Rabadan et al.         Expires December 27, 2019                [Page 8]


Internet-Draft     Preference-based EVPN DF Election       June 25, 2019


      in case the bandwidth on the ENNI port is decreased a 50% (that
      could happen if e.g. the 2-port LAG between PE1 and the
      Aggregation Network loses one port). Policies MAY also trigger
      dynamic Preference changes based on the PE's bandwidth
      availability in the core, of specific ports going operationally
      down, etc. The definition of the actual local policies is out of
      scope of this document. The default Preference value is 32767.

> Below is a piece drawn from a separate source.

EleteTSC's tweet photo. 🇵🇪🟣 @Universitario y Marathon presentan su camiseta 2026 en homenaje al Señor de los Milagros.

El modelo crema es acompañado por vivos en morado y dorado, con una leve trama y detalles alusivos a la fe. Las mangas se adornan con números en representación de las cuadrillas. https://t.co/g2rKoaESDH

   The Preference Alg MAY be used along with the AC-DF capability.
   Assuming all the PEs in the ES are configured consistently with
   Preference Alg and AC-DF capability, a given PE in the ES is not
   considered as candidate for DF Election until its corresponding
   Ethernet A-D per ES and Ethernet A-D per EVI routes are not received,
   as described in [DF].

   The procedures in this document can be used in [RFC7432] based ES or
   vES as in [vES], and including EVPN networks as in [RFC8214],
   [RFC7623] or [RFC8365].


4.2 Use of the Preference algorithm in [RFC7432] Ethernet Segments

   While the Preference-based DF Alg described in section 4.1 is
   typically used in virtual ES scenarios where there is normally an
   individual Ethernet Tag per vES, the existing [RFC7432] definition of
   ES allows potentially up to thousands of Ethernet Tags on the same
   ES. If this is the case, and the operator still wants to control who
   the DF is for a given Ethernet Tag, the use of the Preference-based
   DF Alg can also provide some level of load balancing.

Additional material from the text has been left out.